The data:
»»
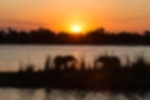 Africa elephants sunset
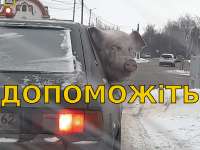 1620310827353.png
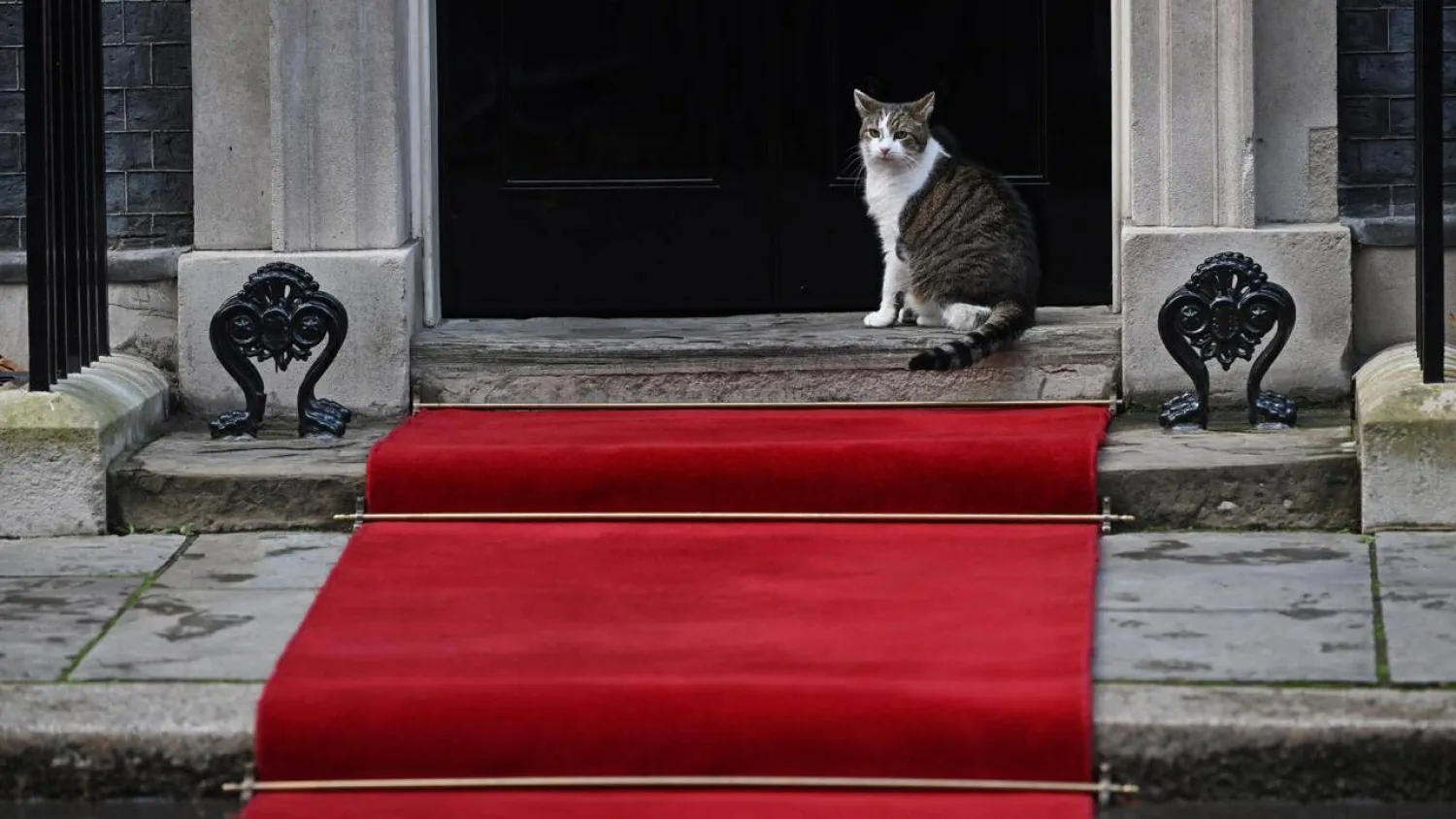 Larry the Downing Street cat is a global celebrity in his own right, with more than 900,000 followers on X. JUSTIN TALLIS / AFP/File
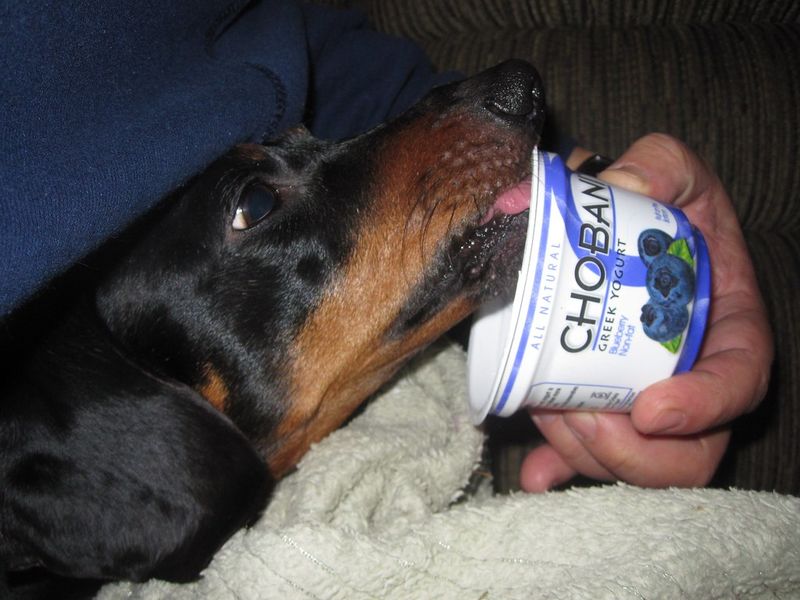 Yogurt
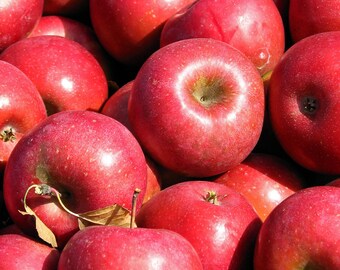 Red Delicious Apples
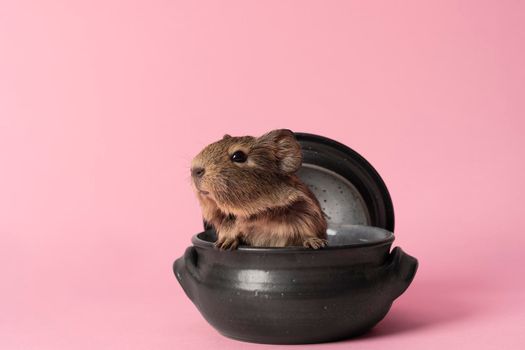 A cute small baby guinea pig sitting in a back earthenware casserole pot on pink coloured background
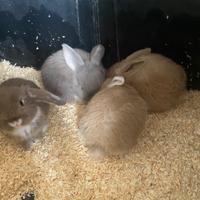 Coniglietto nano ariete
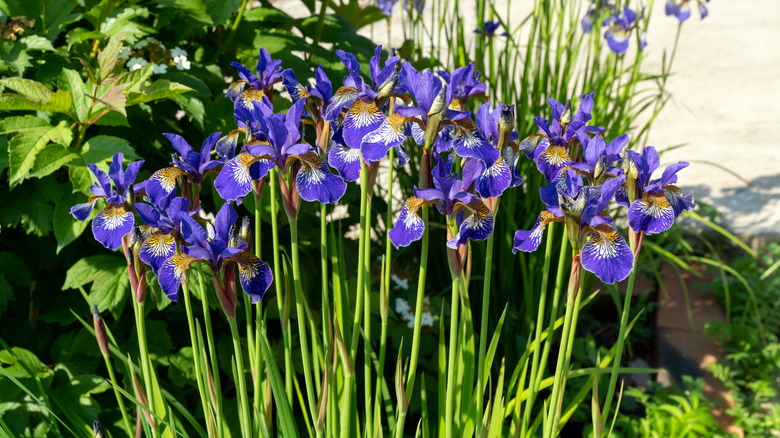 Siberian iris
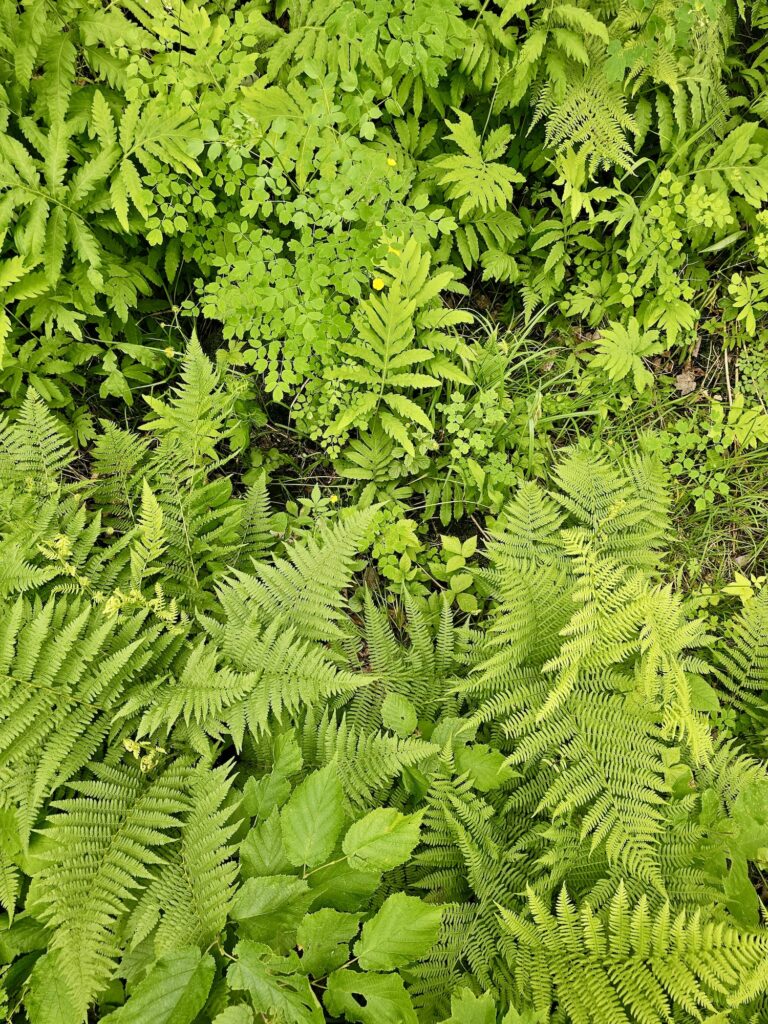 lachepaslapatate verdure foret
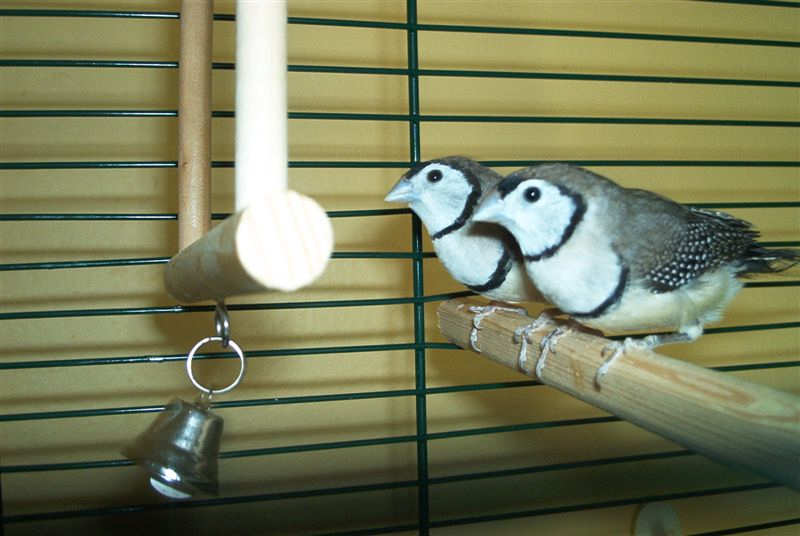 miniemickey.jpg
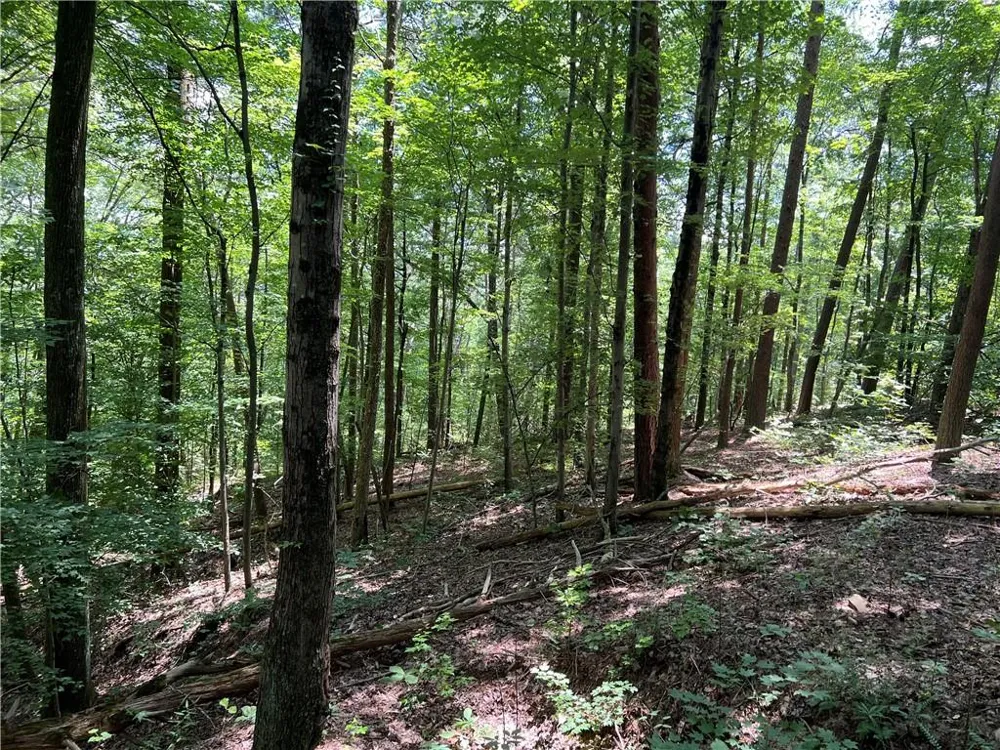 0 Lavender Trail Rome, GA 30165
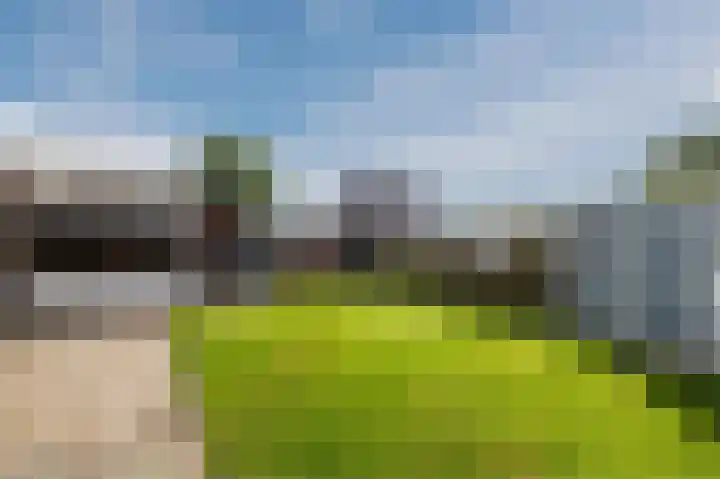 Gerard van Damstraat 2 't Zandt thumbnail 31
««
Exercise:
Leave out the pictures and retype the rest of the entries exactly.

Output for this exercise:
 Africa elephants sunset
 1620310827353.png
 Larry the Downing Street cat is a global celebrity in his own right, with more than 900,000 followers on X. JUSTIN TALLIS / AFP/File
 Yogurt
 Red Delicious Apples
 A cute small baby guinea pig sitting in a back earthenware casserole pot on pink coloured background
 Coniglietto nano ariete
 Siberian iris
 lachepaslapatate verdure foret
 miniemickey.jpg
 0 Lavender Trail Rome, GA 30165
 Gerard van Damstraat 2 't Zandt thumbnail 31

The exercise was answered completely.